The research closely links to the project Authorship Attribution and Stylistics at the Huygens Instituut for the History of the Netherlands (project leader Karina van Dalen-Oskam) and in the research collaboration with 2010 visiting professor to the Huygens Instituut David L. Hoover who agreed to be part of the Think Tank for this project (Hoover 1999, 2010, Van Dalen-Oskam & Van Zundert 2007, 2008, Kestemont & Van Dalen-Oskam 2009).The project fits in the research focus point for literature as formulated in the Fryske Akademy Master Plan. Related research at the Huygens Instituut for the History of the Netherlands is done by Peter Boot, who focuses on studying the social processes of validation of literature in the preparation of a large grant proposal on this topic.

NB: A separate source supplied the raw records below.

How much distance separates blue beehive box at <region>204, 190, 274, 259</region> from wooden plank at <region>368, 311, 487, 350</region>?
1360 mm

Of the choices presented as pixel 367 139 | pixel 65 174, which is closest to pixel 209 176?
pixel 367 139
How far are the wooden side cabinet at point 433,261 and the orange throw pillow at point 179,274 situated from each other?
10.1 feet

The project The Riddle of Literary Quality will research whether there are similarities in formal characteristics of texts considered to be ‘literary’ or ‘non-literary’. For a long time, the consensus among literary scholars was that literary quality was attributed in social communication. Recently, however, wanting to extend the cultural and historical explanations, they have taken the question of additional formal features into account again (Harris 1995, McDonald 2007, Vaessens 2009). The general audience usually equates ‘literary’ with ‘good’ and ‘non-literary’ with ‘bad’. Literary researchers are of a different opinion: they would rather make a distinction between types of readers or reader roles, arguing that the kind of texts read by these readers also come in categories of ‘good’ and ‘bad’ and anything in between (and that readers may change roles whenever they like). The distinction used in this project is the one drawn up by Von Heydebrand & Winko (1996, the most recent and a very thorough monograph on literary evaluation) between two types of reader roles: autonomous, when a reader focuses on formal and aesthetical characteristics of the text, and heteronomous, when a reader focuses on the content and relates this to his or her own personal experiences. Based on the analysis of a reader survey which will be conducted in the first phase of the project a training corpus will be created. This corpus will consist of texts clearly preferred by autonomous readers and texts clearly preferred by heteronomous readers. The texts will also be categorized as being highly preferred or least preferred in comparison to other texts in the same group.

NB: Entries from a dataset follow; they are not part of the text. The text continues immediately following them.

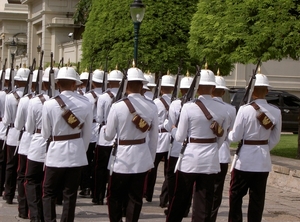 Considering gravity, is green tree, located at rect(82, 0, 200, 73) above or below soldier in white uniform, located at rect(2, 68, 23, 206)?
above

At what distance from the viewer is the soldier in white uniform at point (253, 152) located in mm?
9227

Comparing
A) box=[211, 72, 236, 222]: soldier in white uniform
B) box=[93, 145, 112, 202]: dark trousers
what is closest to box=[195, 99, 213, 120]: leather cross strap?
box=[211, 72, 236, 222]: soldier in white uniform

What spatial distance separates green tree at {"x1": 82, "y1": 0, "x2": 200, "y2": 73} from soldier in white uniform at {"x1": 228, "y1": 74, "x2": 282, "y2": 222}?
46.0 ft

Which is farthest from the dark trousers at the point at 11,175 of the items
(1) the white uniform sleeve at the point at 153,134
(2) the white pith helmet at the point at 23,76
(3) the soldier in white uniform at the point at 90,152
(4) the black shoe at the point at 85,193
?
(1) the white uniform sleeve at the point at 153,134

In the analysis of formal elements of the fictional texts in the training corpus, the expectation is that there are characteristics which will show up more in texts preferred by autonomous readers than in texts preferred by heteronomous readers (or the other way round). This result would agree with the idea of the general public; it will lead to a list of formal tendencies in ‘literary’ or ‘non-literary’ texts. There is also another possible outcome, namely that some formal characteristics will turn up significantly more in the most popular of both types of texts and significantly less in the least successful of them (or the other way round). This would favour the opinion of literary scholars about the quality of texts independent of the types of readers. What we expect to find in this project, however, is a combination of these, e.g. a placement of a text anywhere on two axes with as extremest points autonomous – heteronomous versus high preference – low preference.
Some predictions are:
-fictional texts preferred by heteronomous readers tend to have a smaller vocabulary than those preferred by autonomous readers.
-fictional texts preferred by autonomous readers tend to have a more complex syntactic structure than those preferred by heteronomous readers.
-Fictional texts that are least preferred by both kinds of readers have a more complex syntactic structure than texts most preferred by both kinds of readers.
It will be clear that this seems to be contradictory as to the role of syntactic complexity. The expectation is, however, that the combination of formal characteristics will be different every time. The co-occurrence of syntactic complexity with high vocabulary richness could therefore be an indication of a text highly preferred by autonomous readers.
The texts in the training corpus are all contemporary Dutch novels. In the second phase of the project, the tools measuring the formal characteristics will be applied to a much larger corpus of Modern Dutch fictional texts and each of the analysed texts will be placed on the two axes mentioned above: autonomous – heteronomous versus high preference – low preference. The resulting placements will be analysed; this is expected to lead to a refinement of the tools and a new iteration of measurements, and eventually to a synthesis in publications and hypotheses for further research and development.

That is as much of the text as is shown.